Exercise is key for managing sciatica symptoms, but some activities should be avoided until after pain has subsided or stabilized. Spinal strengthening exercises are important to manage inflammation and sustain strength of the surrounding muscles. Avoid any exercises or movements that put extreme strain on the low back area or worsen existing pain to prevent injury or further damage.


Acupressure is a great way to ease sciatica pain. Pressure points used for sciatica help boost energy and circulation around the affected area. This can help reduce inflammation and discomfort.
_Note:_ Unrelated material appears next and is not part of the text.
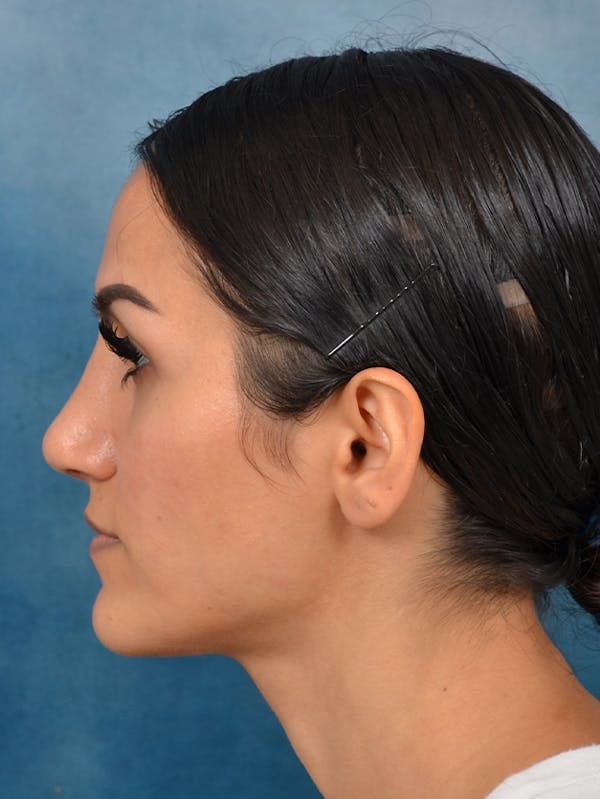 Rhinoplasty Before & After Gallery - Patient 141137449 - Image 2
We have listed the most useful pressure points for sciatica and how to use the techniques correctly:

Summary of Benefits

Acupressure is a great choice for sciatica pain. It’s cost-effective and low-risk. Research on acupressure and sciatica is limited. But evidence suggests it might help when combined with other treatments, such as physical therapy and acupuncture.

The massage technique used in acupressure helps reduce inflammation and improve circulation. This leads to better nerve function and relaxed muscles. Plus, it relieves pain.

Regular acupressure, tailored to the individual, can reduce sciatica pain. By using points along the meridians connected to specific body parts, practitioners can focus their massage treatments on the pain origin.

Plus, acupressure improves overall health. It boosts circulation and helps the musculoskeletal system stay in balance.

Additional Resources

If you have sciatica pain, acupressure may be useful. Consult your doctor or physical therapist to get more info. The NCCAOM is a non-profit, reputable organization that provides certification and education in Chinese Medicine. They offer educational material on acupressure, including safety precautions. The AAMA has continuing medical education courses for sciatica related conditions.

Books such as Acupressure for Sciatica: Targeted Techniques for Pain Relief can provide advice for exploring the technique.

Frequently Asked Questions

1. What is sciatica?

Sciatica is a condition characterized by persistent pain that radiates along the sciatic nerve, which runs from the lower back down through the hips, buttocks, and legs.

2. Can acupressure help relieve sciatica pain?

Yes, acupressure can be an effective way to relieve sciatica pain. The targeted techniques used in acupressure can help reduce inflammation and release tension, allowing the body to heal naturally.

3. What are some acupressure points for sciatica pain relief?

Some acupressure points for sciatica pain relief include LV3, GB34, BL60, BL23, and BL40. These points are located along the energy meridians that are connected to the sciatic nerve, and stimulating them can help to ease pain and promote healing.

4. Is acupressure safe for everyone?

Acupressure is generally safe for most people, but it may not be appropriate for those with certain medical conditions, such as blood disorders or skin disorders. If you have any concerns about whether acupressure is safe for you, it’s best to consult with a qualified practitioner.

5. How long does it take to feel the effects of acupressure?

The effects of acupressure can vary from person to person, but many people report feeling relief within just a few minutes of receiving treatment. However, it may take several sessions for the full benefits of acupressure to be felt.

6. Do I need to see a professional for acupressure treatment?

While some acupressure techniques can be practiced at home, it’s generally recommended to see a qualified practitioner for the best results. They can identify the most effective acupressure points for your particular condition and provide personalized treatment to help you find relief from sciatica pain.

the back recovery program by alex larsson
Jane Smith is a natural health enthusiast on a mission to uncover effective methods for achieving pain-free living. Through her personal journey with chronic back pain, she has become well-versed in holistic approaches such as yoga, Pilates, and essential oils.